Short web captions
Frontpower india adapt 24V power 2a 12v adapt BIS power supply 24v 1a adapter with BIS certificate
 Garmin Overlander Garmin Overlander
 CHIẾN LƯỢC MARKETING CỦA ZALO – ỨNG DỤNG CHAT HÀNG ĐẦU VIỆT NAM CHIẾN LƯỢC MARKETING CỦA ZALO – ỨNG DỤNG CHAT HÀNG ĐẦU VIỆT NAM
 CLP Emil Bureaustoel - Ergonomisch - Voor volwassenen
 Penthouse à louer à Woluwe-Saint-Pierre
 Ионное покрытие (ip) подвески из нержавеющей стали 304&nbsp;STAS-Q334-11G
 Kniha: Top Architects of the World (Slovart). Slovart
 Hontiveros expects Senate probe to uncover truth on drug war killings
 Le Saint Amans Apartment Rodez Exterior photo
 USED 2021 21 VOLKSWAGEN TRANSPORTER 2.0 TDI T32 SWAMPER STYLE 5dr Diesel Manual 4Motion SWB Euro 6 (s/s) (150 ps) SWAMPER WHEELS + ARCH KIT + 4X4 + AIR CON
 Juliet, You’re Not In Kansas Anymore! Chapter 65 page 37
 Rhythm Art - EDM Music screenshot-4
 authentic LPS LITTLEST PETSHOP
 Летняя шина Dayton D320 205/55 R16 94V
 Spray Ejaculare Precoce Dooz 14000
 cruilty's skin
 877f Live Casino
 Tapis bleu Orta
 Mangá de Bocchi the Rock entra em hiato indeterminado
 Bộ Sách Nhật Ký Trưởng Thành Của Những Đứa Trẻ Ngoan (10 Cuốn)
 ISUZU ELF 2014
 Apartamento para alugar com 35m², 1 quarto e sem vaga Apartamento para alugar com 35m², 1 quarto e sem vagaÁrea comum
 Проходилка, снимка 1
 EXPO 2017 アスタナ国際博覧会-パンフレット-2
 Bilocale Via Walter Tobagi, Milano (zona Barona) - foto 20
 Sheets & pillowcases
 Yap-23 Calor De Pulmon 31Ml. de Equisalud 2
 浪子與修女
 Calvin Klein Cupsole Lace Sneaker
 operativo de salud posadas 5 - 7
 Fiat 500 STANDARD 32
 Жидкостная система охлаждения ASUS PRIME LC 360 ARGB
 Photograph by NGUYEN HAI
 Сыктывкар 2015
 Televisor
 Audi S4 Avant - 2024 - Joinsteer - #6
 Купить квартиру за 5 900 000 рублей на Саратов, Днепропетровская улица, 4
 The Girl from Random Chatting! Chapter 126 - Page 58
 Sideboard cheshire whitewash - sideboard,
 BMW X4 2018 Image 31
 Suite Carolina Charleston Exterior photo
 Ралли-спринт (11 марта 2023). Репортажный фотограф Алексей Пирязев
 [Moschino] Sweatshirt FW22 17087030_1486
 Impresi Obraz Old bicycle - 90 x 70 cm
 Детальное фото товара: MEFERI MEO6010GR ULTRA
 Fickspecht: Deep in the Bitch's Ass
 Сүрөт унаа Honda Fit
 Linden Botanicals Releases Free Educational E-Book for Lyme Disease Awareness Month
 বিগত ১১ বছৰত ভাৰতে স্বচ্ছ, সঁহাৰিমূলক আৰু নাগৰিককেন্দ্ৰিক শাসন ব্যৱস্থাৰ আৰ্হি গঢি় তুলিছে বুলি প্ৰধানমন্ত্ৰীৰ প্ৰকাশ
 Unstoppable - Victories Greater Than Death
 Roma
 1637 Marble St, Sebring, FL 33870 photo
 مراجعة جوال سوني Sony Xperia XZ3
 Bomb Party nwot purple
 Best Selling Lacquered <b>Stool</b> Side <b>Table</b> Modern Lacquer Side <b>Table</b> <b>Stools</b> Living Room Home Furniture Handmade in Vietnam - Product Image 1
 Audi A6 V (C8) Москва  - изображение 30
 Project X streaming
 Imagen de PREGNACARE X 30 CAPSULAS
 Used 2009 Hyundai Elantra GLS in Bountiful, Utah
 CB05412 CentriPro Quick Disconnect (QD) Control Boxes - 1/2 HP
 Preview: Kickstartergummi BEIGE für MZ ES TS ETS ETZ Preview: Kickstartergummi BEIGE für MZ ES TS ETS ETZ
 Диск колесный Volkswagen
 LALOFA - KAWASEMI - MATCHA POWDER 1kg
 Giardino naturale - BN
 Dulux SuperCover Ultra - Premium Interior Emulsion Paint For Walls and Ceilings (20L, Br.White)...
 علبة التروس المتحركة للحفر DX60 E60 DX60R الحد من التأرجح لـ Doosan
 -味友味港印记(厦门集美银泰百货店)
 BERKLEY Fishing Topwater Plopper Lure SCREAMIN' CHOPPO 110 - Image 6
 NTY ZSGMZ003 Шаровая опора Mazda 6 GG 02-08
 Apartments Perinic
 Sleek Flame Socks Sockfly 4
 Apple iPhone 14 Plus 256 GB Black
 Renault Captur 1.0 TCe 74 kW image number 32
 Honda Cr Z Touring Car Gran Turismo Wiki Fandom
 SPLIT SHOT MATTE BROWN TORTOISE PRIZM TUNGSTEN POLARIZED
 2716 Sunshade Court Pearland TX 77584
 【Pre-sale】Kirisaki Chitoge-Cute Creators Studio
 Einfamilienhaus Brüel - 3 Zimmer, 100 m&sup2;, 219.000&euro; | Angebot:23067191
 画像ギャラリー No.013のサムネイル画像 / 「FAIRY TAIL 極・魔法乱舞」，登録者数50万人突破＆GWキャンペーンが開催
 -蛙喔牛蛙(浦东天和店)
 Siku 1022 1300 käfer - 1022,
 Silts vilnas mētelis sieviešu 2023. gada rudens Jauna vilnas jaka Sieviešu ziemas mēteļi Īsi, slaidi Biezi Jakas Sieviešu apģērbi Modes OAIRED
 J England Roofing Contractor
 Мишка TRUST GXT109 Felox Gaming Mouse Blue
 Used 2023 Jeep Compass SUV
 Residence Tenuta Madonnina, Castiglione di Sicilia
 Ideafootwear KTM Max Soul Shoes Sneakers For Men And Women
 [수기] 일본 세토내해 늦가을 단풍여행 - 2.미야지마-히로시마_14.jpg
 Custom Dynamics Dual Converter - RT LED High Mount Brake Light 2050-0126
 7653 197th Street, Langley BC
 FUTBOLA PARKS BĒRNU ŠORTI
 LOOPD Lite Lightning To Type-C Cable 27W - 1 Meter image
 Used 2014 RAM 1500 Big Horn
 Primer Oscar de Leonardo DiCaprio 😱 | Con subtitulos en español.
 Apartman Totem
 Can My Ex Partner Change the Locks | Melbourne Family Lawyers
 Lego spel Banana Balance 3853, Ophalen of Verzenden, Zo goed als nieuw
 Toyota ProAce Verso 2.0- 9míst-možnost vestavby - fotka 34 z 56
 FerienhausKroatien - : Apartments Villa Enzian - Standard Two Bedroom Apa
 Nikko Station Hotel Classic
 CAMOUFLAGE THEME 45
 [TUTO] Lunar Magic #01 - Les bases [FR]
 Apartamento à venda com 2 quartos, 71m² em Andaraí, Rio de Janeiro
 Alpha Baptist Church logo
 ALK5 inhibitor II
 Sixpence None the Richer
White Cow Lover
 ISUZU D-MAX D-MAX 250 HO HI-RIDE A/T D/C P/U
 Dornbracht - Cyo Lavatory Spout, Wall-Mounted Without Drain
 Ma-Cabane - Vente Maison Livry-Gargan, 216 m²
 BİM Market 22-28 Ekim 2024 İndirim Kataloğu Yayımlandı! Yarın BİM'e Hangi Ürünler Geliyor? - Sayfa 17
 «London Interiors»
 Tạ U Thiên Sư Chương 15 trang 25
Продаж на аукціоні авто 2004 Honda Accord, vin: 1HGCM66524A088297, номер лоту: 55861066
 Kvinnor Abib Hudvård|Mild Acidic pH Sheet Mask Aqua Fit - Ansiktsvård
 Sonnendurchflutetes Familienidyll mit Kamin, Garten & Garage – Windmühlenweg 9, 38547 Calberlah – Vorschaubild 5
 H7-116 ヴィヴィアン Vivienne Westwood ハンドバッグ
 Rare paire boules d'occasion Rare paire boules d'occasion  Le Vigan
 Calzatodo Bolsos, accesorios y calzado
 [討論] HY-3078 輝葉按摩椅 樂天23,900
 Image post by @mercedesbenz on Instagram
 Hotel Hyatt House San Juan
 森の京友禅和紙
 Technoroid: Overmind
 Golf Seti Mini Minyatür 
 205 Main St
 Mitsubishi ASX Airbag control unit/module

■ Your assignment: Repeat exactly the lines above from the one with "Apartments Perinic" up to and including the one with "Residence Tenuta Madonnina, Castiglione". No other line belongs in the reply.

■ Answer to the problem:
 Apartments Perinic
 Sleek Flame Socks Sockfly 4
 Apple iPhone 14 Plus 256 GB Black
 Renault Captur 1.0 TCe 74 kW image number 32
 Honda Cr Z Touring Car Gran Turismo Wiki Fandom
 SPLIT SHOT MATTE BROWN TORTOISE PRIZM TUNGSTEN POLARIZED
 2716 Sunshade Court Pearland TX 77584
 【Pre-sale】Kirisaki Chitoge-Cute Creators Studio
 Einfamilienhaus Brüel - 3 Zimmer, 100 m&sup2;, 219.000&euro; | Angebot:23067191
 画像ギャラリー No.013のサムネイル画像 / 「FAIRY TAIL 極・魔法乱舞」，登録者数50万人突破＆GWキャンペーンが開催
 -蛙喔牛蛙(浦东天和店)
 Siku 1022 1300 käfer - 1022,
 Silts vilnas mētelis sieviešu 2023. gada rudens Jauna vilnas jaka Sieviešu ziemas mēteļi Īsi, slaidi Biezi Jakas Sieviešu apģērbi Modes OAIRED
 J England Roofing Contractor
 Мишка TRUST GXT109 Felox Gaming Mouse Blue
 Used 2023 Jeep Compass SUV
 Residence Tenuta Madonnina, Castiglione di Sicilia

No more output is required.